Challenge Lab : Create ML Models with BigQuery ML

Create ML Models with BigQuery ML: Challenge Lab




Checkout Video

create-ml-models-with-bigquery-ml-challenge-lab


Task 1: Create a dataset to store your machine learning models

bq mk austin


Task 2: Create a forecasting BigQuery machine learning model.

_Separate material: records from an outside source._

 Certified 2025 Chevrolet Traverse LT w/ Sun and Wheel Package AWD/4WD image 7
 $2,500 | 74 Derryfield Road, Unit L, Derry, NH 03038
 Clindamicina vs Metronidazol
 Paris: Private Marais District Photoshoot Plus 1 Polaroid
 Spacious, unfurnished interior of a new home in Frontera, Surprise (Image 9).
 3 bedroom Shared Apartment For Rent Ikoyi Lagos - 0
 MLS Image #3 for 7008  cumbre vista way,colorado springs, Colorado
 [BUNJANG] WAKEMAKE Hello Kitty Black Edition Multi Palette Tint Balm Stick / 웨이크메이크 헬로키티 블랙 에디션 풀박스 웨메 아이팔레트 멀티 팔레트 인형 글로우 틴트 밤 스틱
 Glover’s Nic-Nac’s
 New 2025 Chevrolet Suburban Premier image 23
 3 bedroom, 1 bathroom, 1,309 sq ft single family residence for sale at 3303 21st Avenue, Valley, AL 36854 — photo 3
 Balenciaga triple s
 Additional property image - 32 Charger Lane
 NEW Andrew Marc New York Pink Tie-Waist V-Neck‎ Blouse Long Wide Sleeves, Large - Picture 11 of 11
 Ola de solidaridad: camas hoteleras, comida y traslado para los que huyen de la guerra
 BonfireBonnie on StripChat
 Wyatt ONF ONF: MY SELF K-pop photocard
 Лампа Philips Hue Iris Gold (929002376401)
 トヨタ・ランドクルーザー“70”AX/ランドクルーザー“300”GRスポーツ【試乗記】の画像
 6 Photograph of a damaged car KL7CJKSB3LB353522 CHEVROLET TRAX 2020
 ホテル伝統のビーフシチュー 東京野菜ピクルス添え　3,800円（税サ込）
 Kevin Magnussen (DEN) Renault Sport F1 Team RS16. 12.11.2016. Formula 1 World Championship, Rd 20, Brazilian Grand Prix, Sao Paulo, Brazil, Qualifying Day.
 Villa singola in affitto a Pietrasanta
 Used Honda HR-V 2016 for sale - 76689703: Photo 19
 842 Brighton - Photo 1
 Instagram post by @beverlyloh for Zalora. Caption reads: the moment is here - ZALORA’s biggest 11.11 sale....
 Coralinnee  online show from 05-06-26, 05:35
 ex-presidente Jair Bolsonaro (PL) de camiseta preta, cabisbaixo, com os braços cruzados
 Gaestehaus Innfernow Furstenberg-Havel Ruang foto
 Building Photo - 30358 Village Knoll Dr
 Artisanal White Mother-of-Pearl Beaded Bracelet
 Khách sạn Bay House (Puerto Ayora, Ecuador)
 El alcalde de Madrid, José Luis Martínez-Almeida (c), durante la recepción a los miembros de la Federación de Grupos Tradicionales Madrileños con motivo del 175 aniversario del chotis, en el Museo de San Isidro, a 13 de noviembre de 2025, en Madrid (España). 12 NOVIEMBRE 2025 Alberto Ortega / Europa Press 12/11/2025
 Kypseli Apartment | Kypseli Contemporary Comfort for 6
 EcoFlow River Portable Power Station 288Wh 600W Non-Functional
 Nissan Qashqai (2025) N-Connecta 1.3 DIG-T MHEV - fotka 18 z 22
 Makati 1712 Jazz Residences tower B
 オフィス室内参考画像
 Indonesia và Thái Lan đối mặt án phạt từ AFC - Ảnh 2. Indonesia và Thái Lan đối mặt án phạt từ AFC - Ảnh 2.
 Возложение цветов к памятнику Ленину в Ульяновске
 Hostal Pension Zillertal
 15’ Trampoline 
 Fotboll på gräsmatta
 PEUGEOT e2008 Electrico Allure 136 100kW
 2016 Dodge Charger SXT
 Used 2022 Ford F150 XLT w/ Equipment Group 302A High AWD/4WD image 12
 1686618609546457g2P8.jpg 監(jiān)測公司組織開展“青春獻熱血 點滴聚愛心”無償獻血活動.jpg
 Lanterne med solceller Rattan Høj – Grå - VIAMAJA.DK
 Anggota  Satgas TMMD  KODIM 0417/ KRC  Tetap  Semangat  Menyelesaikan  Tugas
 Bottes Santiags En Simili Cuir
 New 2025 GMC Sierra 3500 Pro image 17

Write the below query in BigQuery  console:

CREATE OR REPLACE MODEL austin.location_model

OPTIONS

  (model_type='linear_reg', labels=['duration_minutes']) AS

SELECT

    start_station_name,

    EXTRACT(HOUR FROM start_time) AS start_hour,

    EXTRACT(DAYOFWEEK FROM start_time) AS day_of_week,

    duration_minutes,

FROM

    `bigquery-public-data.austin_bikeshare.bikeshare_trips` AS trips

JOIN

    `bigquery-public-data.austin_bikeshare.bikeshare_stations` AS stations

ON

    trips.start_station_name = stations.name

WHERE

    EXTRACT(YEAR FROM start_time) = 2018

    AND duration_minutes > 0



OR Write the below command in cloud shell :

export PROJECT_ID=DEVSHELL_PROJECT_ID

bq query --use_legacy_sql=false "CREATE OR REPLACE MODEL austin.austin_1 OPTIONS(input_label_cols=['duration_minutes'], model_type='linear_reg') AS SELECT

duration_minutes, location, start_station_name, CAST(EXTRACT(dayofweek FROM start_time) AS STRING) as dayofweek, CAST(EXTRACT(hour FROM start_time) AS STRING) AS hourofday, FROM \`bigquery-public-data.austin_bikeshare.bikeshare_trips\` AS trips JOIN \`bigquery-public-data.austin_bikeshare.bikeshare_stations\` AS stations ON trips.start_station_id = stations.station_id WHERE EXTRACT(year from start_time) = 2018"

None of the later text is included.